## Problem statement
What you return must be exactly the lines running from the one with "Smokey Citrine Tumbles" to the end of the data below, inclusive, and nothing more.

## Given information
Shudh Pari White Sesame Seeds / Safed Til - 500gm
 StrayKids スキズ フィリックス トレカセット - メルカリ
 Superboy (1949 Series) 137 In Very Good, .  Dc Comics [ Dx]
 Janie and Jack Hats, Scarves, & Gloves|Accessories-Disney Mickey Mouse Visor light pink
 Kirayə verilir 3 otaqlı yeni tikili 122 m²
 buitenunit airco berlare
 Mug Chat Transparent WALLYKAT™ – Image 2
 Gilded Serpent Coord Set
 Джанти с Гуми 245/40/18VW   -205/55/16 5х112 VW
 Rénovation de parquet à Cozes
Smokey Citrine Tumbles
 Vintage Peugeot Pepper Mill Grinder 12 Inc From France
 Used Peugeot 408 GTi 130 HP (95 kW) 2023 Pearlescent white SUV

## Output
Smokey Citrine Tumbles
 Vintage Peugeot Pepper Mill Grinder 12 Inc From France
 Used Peugeot 408 GTi 130 HP (95 kW) 2023 Pearlescent white SUV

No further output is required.